BTW, are you actually a full-on anti-realist, or actually take one of the intermediate positions between realism and anti-realism? (See my old post Six Plausible Meta-Ethical Alternatives for a quick intro/explanation.)
I wonder whether, if you framed your concerns in this concrete way, you’d convince more people in alignment to devote attention to these issues? As compared to speaking more abstractly about solving metaethics or metaphilosophy.
(Of course, you may not think that’s a helpful alternative, if you think solving metaethics or metaphilosophy is the main goal, and other concrete issues will just continue to show up in different forms unless we do it.)
In any case, regarding the passage I quoted, this issue seems potentially relevant independent of whether one thinks metaphilosophy is an important focus area or whether metaethics is already solved.
For instance, I’m also concerned as an anti-realist that giving people their “aligned” AIs to do personal reflection will likely go poorly and lead to outcomes we wouldn’t want for the sake of those people or for humanity as a collective. (My reasoning is that while I don’t think there’s necessarily a single correct reflection target, there are certainly bad ways to go about moral reflection, meaning there are pitfalls to avoid.

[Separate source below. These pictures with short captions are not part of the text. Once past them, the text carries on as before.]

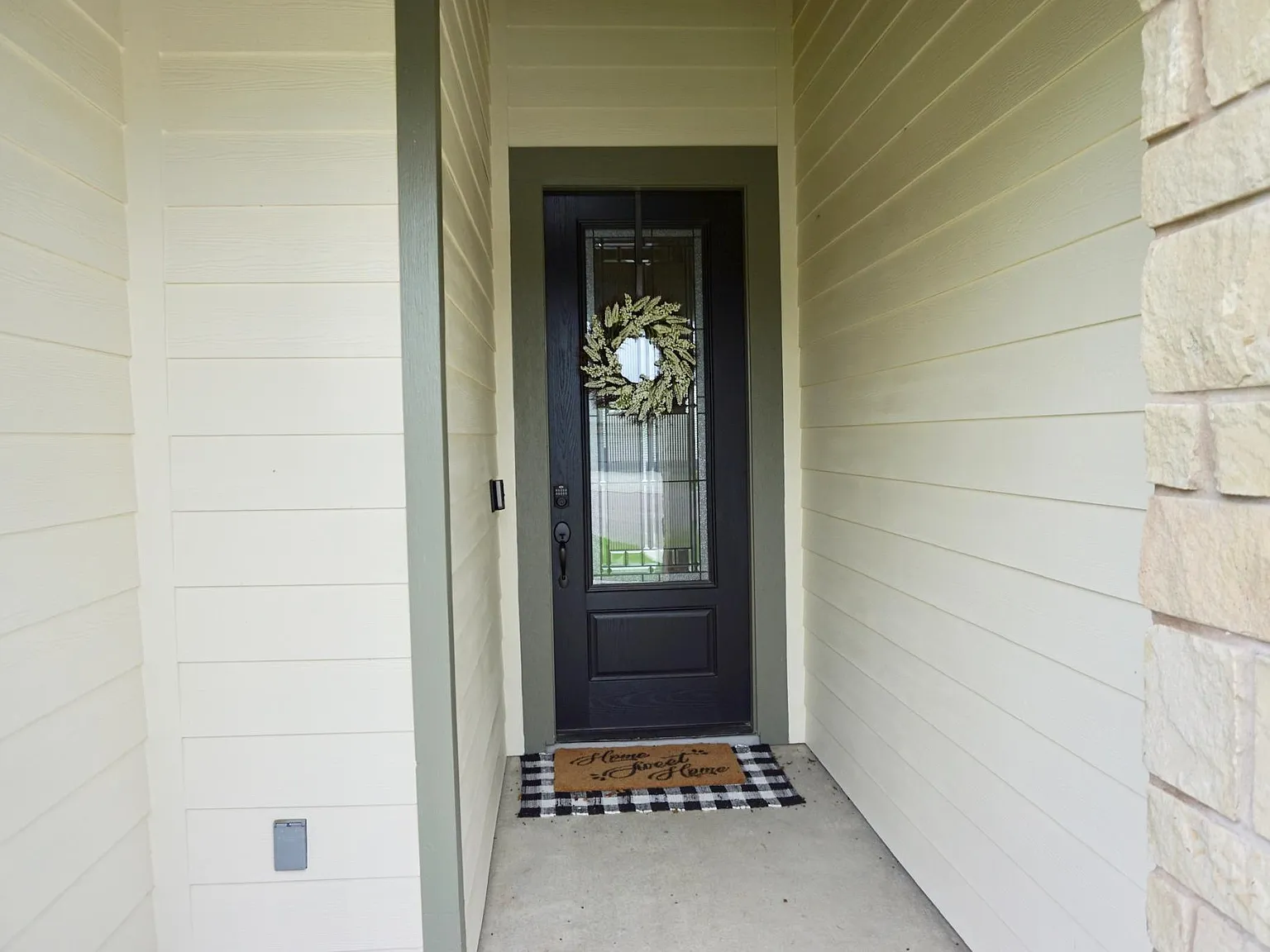 3 bed, 2.5 bath, 1844 sqft, $2,850 — Photo 2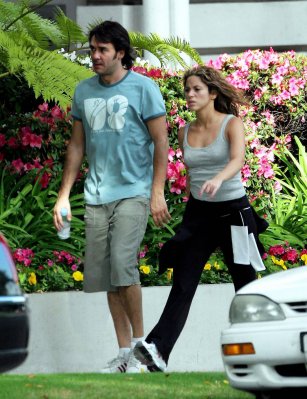 Shakira - Walking with Jaume in Beverly Hills, Ca on February 9, 2006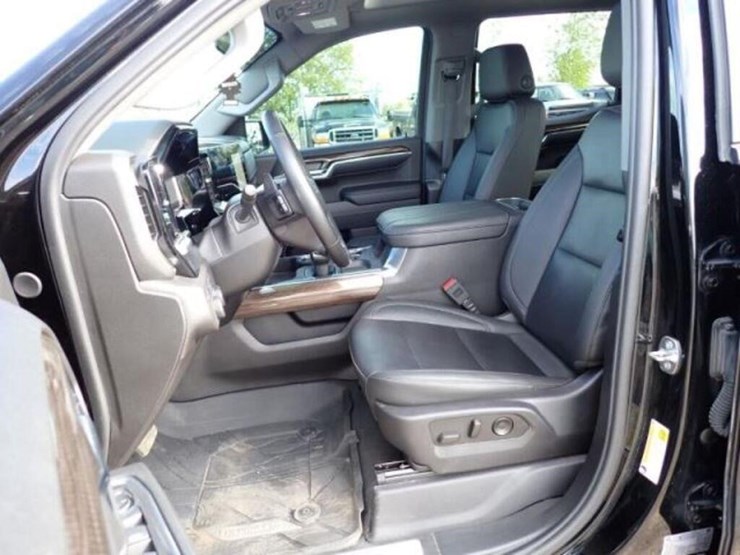 2024-chevrolet-silverado-1500-image-19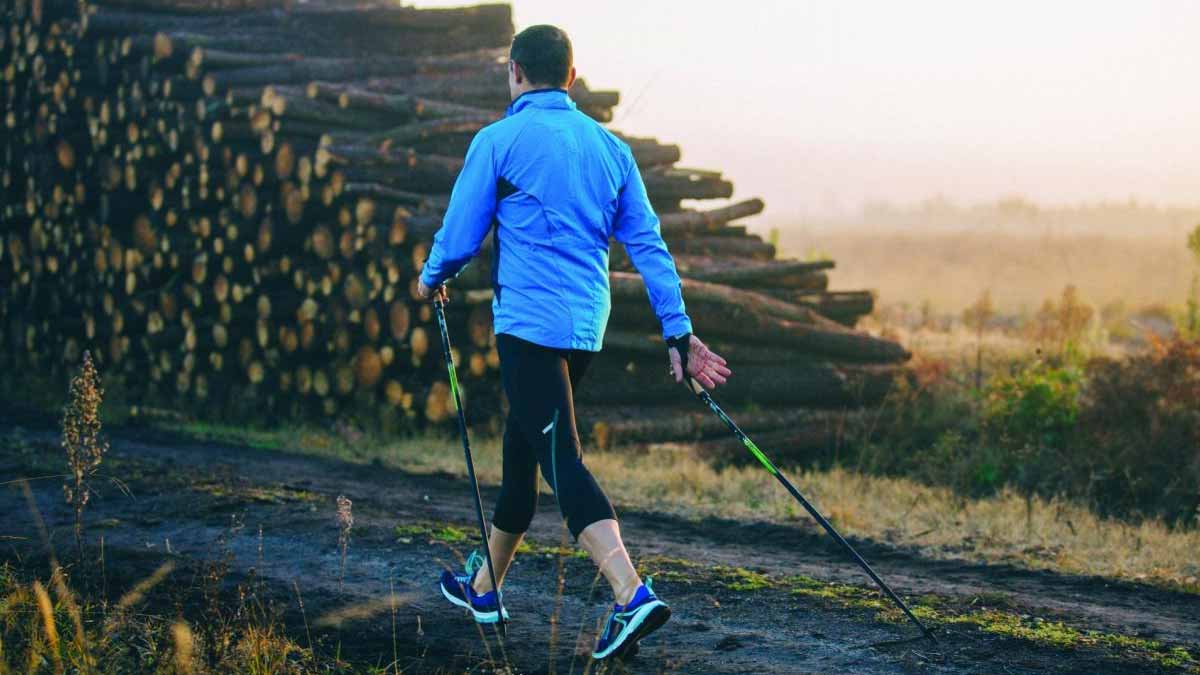Mieux que la marche nordique  ce « sport de vieux » décuple l’endurance et fait fondre la graisse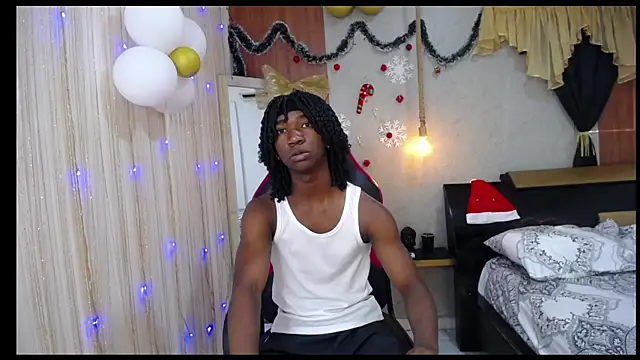 Snapshot of negga_cum chatting on 12/16/25, 01:05 negga cum online show from 12/16/25, 01:05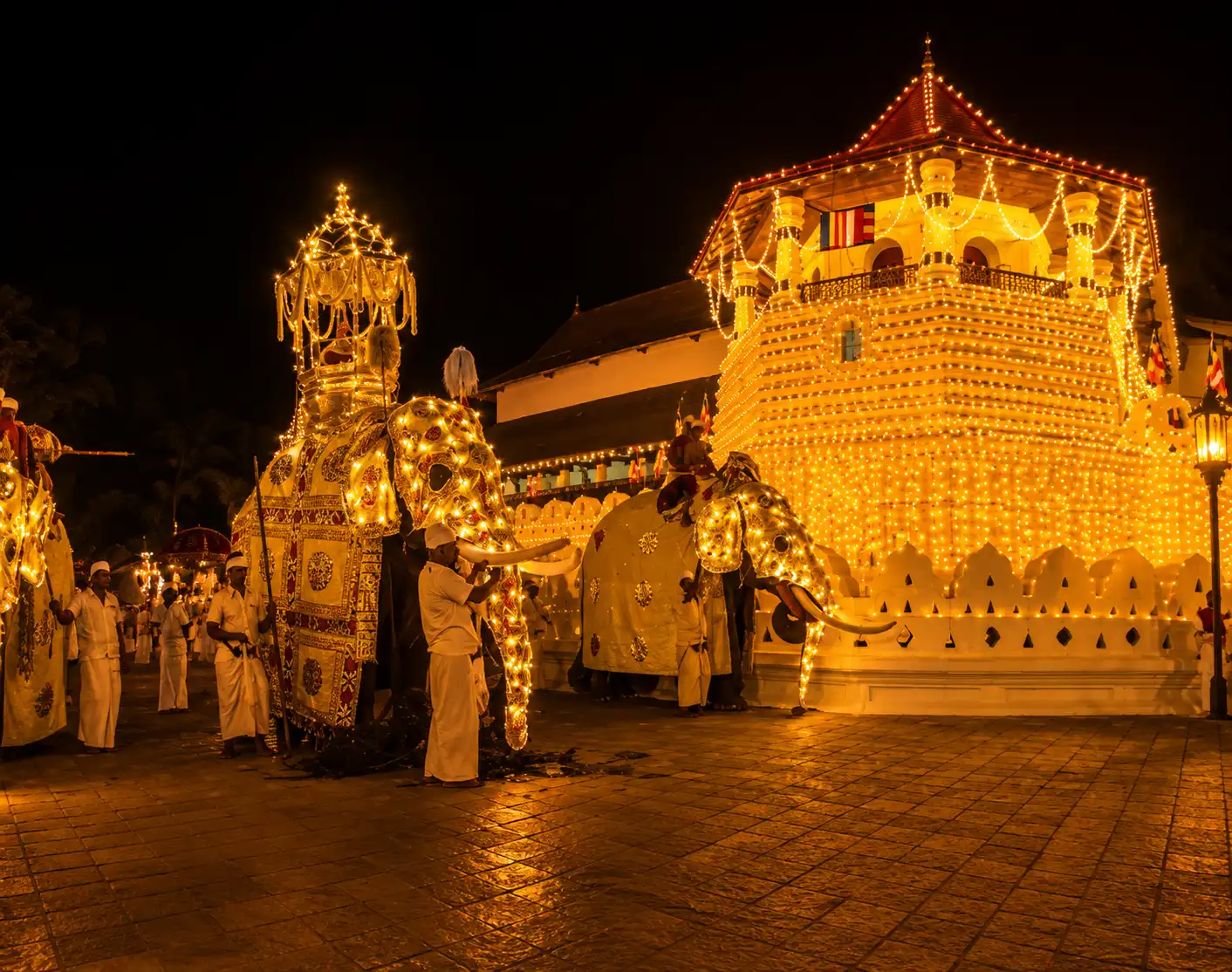 Kandy Temple of the Tooth Tour Sri Lanka - photo 2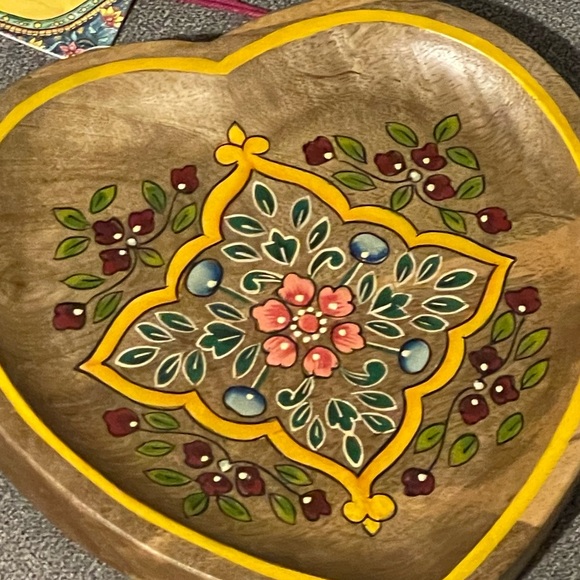 Jaipur in Bloom Handpainted Heart Made in Indian NWT - Picture 6 of 7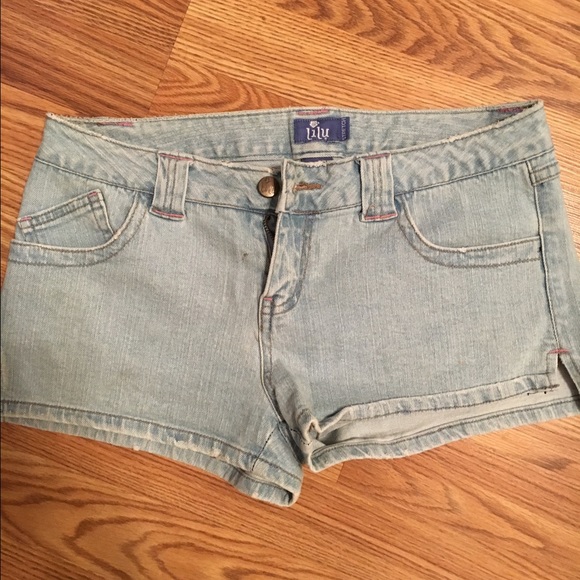 Lilu stretchy jeans shorts, size 7.
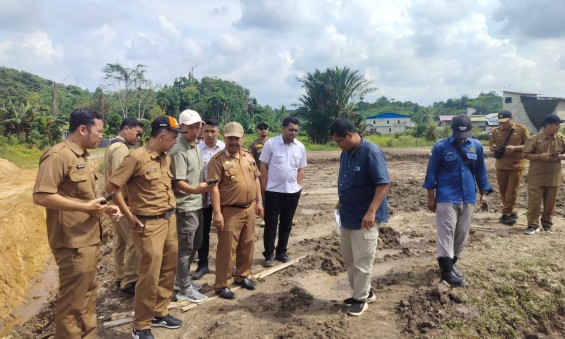 Peninjauan lapangan di lokasi Perumahan Graha Mandiri.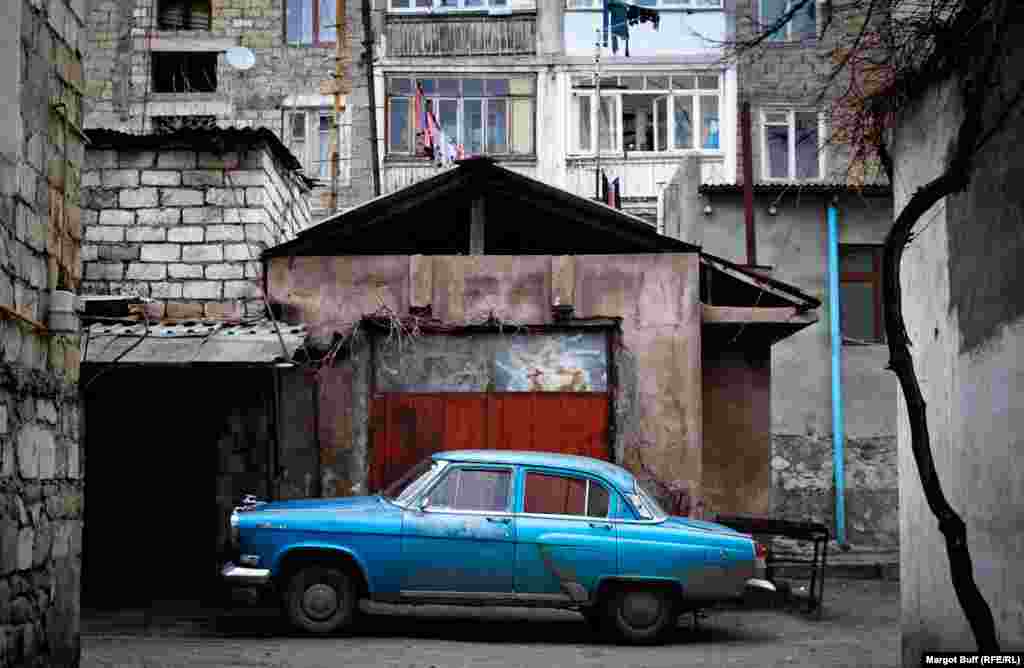 O Volgă sovietică parcată pe o stradă la Stepanakert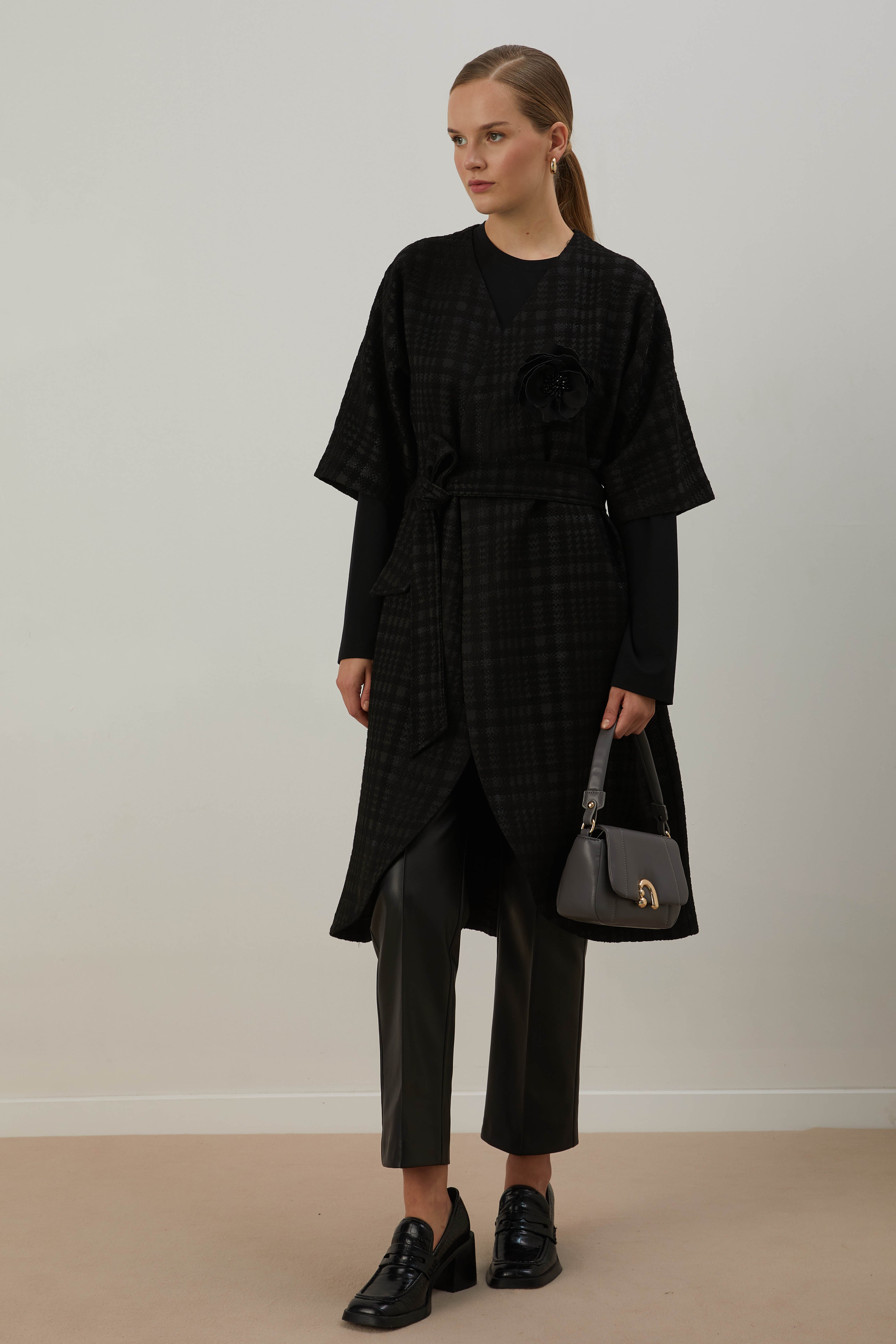 A201744 Aguaje Broş Detaylı Giy Çık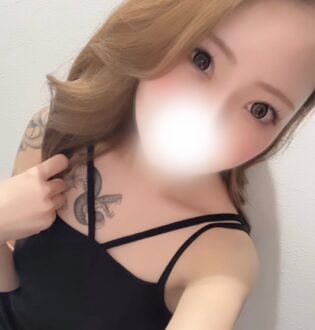 Nine Roses (ナインローズ) 佐藤るな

For examples, see the subsection Pitfalls of Reflection Procedures in my moral uncertainty/moral reflection post, where I remember you made comments. There’s also the practical concern of getting societal buy-in for any specific way of distributing influence over the future and designing reflection and maybe voting procedures: even absent the concern about doing things the normatively correct way, it would create serious practical problems if alignment researchers were to propose a specific method but they’re not able to convince many others that their method was (1) even trying to be fair (as opposed to being selfishly motivated or motivated by fascism or whatever, if we imagine uncharitable but “totally a thing that might happen” sorts of criticism), and (2) did a good job at being fair given constraints of it being a tough problem with tradeoffs.
I’m not sure. It’s hard for me to understand other humans a lot of the time, for example these concerns (both concrete and abstract) seem really obvious to me, and it mystifies me why so few people share them (at least to the extent of trying to do anything about them, like writing a post to explain the concern, spending time to try to solve the relevant problems, or citing these concerns as another reason for AI pause).
Also I guess I did already talk about the concrete problem, without bringing up metaethics or metaphilosophy, in this post.
I think a lot of people in AI alignment think they already have a solution for metaethics (including Eliezer who explicitly said this in his metaethics sequence), which is something I’m trying to talk them out of, because assuming a wrong metaethical theory in one’s alignment approach is likely to make the concrete issues worse instead of better.
This illustrates the phenomenon I talked about in my draft, where people in AI safety would confidently state “I am X” or “As an X” where X is some controversial meta-ethical position that they shouldn’t be very confident in, whereas they’re more likely to avoid overconfidence in other areas of philosophy like normative ethics.
I take your point that people who think they’ve solved meta-ethics can also share my concrete concern about possible catastrophe caused by bad reflection among some or all humans, but as mentioned above, I’m pretty worried that if their assumed solution is wrong, they’re likely to contribute to making the problem worse instead of better.
BTW, are you actually a full-on anti-realist, or actually take one of the intermediate positions between realism and anti-realism? (See my old post Six Plausible Meta-Ethical Alternatives for a quick intro/explanation.)